EXCERPTED RECORDS:
»»

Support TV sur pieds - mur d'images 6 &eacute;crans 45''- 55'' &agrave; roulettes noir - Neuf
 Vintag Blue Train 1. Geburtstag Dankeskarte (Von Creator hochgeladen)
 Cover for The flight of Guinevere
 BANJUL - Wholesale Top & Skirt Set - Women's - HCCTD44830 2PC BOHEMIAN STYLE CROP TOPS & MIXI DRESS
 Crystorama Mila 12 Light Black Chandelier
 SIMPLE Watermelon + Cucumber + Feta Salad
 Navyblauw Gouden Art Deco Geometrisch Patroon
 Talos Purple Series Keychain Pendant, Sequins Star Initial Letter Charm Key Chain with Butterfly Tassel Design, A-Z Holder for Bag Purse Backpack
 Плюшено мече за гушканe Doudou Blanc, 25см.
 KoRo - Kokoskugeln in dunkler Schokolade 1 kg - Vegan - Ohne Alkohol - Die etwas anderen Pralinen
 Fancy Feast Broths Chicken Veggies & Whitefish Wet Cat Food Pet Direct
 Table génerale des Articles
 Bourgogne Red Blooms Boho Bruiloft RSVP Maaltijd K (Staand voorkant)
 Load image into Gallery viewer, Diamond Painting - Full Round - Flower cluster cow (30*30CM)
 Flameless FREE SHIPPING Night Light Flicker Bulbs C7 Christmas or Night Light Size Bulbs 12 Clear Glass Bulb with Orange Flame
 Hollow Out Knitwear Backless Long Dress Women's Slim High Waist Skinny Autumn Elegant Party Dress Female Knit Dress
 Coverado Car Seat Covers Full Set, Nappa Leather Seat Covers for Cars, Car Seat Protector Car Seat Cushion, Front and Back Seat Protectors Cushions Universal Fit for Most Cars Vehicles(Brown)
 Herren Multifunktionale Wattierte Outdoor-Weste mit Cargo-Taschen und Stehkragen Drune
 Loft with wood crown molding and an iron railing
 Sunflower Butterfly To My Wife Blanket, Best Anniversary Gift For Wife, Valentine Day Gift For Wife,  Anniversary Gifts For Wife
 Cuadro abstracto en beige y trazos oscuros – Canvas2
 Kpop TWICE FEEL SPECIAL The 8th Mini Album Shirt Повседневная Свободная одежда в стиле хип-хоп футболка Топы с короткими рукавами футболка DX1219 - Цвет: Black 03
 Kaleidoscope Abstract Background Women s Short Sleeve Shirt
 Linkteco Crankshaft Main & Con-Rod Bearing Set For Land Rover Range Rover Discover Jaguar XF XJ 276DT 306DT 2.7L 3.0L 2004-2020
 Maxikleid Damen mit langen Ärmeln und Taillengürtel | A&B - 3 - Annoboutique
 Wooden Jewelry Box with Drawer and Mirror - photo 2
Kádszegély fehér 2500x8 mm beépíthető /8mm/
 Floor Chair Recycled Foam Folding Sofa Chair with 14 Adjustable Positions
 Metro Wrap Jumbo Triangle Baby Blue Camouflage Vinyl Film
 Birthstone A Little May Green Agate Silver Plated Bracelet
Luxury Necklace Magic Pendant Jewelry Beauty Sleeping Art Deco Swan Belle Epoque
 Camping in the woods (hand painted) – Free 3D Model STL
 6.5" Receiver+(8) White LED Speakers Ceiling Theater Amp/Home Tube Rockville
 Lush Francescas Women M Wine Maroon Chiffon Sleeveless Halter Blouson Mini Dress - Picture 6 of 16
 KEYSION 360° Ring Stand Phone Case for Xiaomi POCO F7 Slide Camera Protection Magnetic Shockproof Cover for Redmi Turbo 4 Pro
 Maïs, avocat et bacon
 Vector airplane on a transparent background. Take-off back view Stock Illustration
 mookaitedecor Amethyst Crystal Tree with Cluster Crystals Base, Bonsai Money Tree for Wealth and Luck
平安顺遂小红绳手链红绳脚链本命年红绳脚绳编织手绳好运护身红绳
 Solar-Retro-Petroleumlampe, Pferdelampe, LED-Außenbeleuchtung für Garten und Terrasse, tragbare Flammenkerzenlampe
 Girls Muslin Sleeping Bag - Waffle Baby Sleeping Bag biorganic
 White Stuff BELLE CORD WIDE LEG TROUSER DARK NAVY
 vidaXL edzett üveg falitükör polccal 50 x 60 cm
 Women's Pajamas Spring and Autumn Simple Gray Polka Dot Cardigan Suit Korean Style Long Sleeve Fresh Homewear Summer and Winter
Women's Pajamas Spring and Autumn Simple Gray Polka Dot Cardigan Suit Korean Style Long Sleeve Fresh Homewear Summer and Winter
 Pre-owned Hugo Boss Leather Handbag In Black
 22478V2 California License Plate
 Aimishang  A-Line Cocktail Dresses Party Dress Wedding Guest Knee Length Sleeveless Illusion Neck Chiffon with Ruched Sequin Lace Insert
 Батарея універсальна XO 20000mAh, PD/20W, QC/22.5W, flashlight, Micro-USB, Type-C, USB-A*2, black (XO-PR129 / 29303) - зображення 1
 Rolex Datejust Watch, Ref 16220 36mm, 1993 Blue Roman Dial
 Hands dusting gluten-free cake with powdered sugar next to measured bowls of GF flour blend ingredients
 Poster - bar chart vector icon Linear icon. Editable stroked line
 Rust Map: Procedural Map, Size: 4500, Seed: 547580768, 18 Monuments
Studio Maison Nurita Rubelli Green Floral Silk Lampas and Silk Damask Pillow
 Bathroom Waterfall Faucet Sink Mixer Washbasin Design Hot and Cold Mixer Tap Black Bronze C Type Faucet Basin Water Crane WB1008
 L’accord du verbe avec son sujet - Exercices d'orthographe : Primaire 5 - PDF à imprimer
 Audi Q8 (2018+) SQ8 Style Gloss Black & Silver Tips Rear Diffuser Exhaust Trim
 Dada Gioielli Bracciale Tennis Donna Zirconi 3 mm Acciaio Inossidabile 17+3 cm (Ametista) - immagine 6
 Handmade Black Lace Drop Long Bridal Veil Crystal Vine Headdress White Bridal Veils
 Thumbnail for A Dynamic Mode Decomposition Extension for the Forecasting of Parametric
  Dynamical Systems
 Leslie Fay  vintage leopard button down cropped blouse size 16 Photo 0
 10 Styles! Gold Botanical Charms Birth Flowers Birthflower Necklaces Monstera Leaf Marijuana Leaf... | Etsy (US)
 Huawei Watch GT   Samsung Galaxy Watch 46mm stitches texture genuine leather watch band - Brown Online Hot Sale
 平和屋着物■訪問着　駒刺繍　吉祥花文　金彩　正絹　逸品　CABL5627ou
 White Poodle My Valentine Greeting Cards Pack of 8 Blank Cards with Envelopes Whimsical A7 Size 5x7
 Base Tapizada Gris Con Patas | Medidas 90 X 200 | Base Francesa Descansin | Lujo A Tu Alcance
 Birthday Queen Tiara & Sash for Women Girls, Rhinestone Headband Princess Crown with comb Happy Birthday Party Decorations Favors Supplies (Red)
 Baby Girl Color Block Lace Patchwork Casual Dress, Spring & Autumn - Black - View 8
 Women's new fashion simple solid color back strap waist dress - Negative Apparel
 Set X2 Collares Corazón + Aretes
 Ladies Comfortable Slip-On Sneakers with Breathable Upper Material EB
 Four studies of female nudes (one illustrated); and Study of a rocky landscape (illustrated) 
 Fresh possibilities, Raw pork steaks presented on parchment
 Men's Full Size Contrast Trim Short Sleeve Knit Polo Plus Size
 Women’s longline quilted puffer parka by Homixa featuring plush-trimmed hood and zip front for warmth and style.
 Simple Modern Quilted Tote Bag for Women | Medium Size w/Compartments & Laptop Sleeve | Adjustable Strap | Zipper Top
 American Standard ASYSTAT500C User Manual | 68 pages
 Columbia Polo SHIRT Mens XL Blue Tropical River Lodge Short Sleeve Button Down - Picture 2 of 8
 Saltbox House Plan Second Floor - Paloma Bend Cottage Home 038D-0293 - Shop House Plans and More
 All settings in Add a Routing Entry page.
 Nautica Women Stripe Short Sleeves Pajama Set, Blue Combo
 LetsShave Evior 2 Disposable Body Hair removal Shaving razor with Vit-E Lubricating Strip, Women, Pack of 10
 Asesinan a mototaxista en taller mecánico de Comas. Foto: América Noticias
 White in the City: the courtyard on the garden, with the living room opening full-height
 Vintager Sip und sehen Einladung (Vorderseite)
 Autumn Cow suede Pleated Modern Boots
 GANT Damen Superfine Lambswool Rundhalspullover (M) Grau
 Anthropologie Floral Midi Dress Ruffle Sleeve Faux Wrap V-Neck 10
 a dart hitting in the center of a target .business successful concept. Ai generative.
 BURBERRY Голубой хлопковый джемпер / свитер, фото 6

««

THE TASK: Take exactly the lines from the one containing "Lush Francescas Women" through the one containing "White Stuff BELLE" in the data above, and output them with nothing added.

RESPONSE BOX:
 Lush Francescas Women M Wine Maroon Chiffon Sleeveless Halter Blouson Mini Dress - Picture 6 of 16
 KEYSION 360° Ring Stand Phone Case for Xiaomi POCO F7 Slide Camera Protection Magnetic Shockproof Cover for Redmi Turbo 4 Pro
 Maïs, avocat et bacon
 Vector airplane on a transparent background. Take-off back view Stock Illustration
 mookaitedecor Amethyst Crystal Tree with Cluster Crystals Base, Bonsai Money Tree for Wealth and Luck
平安顺遂小红绳手链红绳脚链本命年红绳脚绳编织手绳好运护身红绳
 Solar-Retro-Petroleumlampe, Pferdelampe, LED-Außenbeleuchtung für Garten und Terrasse, tragbare Flammenkerzenlampe
 Girls Muslin Sleeping Bag - Waffle Baby Sleeping Bag biorganic
 White Stuff BELLE CORD WIDE LEG TROUSER DARK NAVY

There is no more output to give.